Çift ve Aile Terapisinden herkes faydalanabilir. Araştırmalar* sistemik terapinin çocuk, ergen, yetişkin fark etmeksizin her yaştan bireylerin yaşadığı depresyon, kaygı, yeme problemleri, davranış problemleri, cinsel problemler, ilişki çatışmaları, bağımlılık, kronik fiziksel hastalıkların getirdiği zorluklar gibi pek çok farklı alanda oldukça etkili olduğunu göstermiştir.
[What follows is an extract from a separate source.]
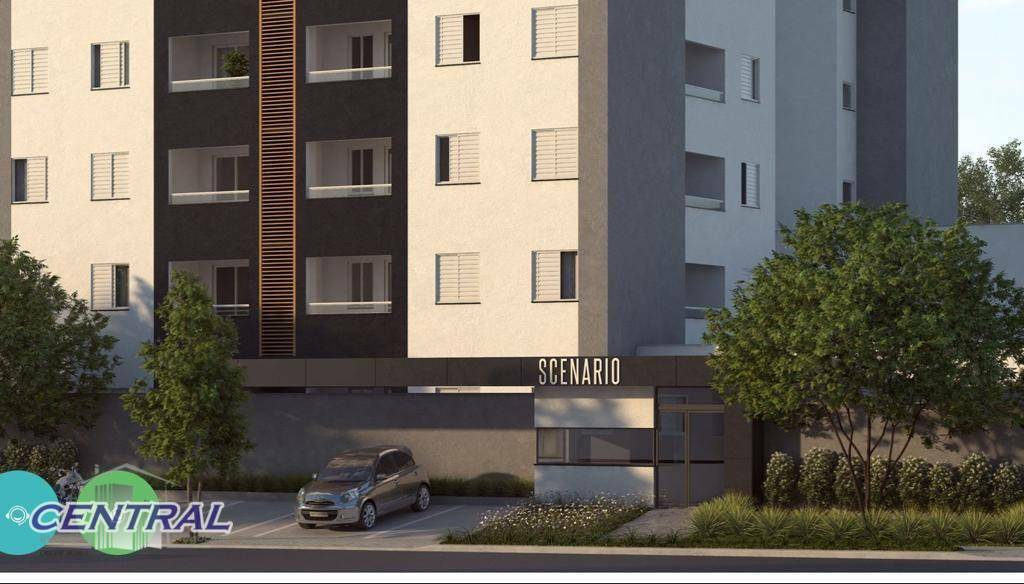 Apartamento à venda e aluguel com 2 quartos, 53m² - Foto 2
Tüm bunların yanında aile ve çift ilişkilerinizi ve iletişiminizi daha çok güçlendirmek, birey olarak ilişkilerinizi ve ilişki dinamiklerinizi daha iyi anlamlandırmak için de sistemik terapiden yararlanabilirsiniz.

Kaynaklar:

Dallos, R., & Draper, R. (2015). EBOOK: An Introduction to Family Therapy: Systemic Theory and Practice. McGraw-Hill Education (UK).

Nichols, M. P., & Schwartz, R. C. (2009). The essentials of family therapy. Pearson/Allyn and Bacon Publishers.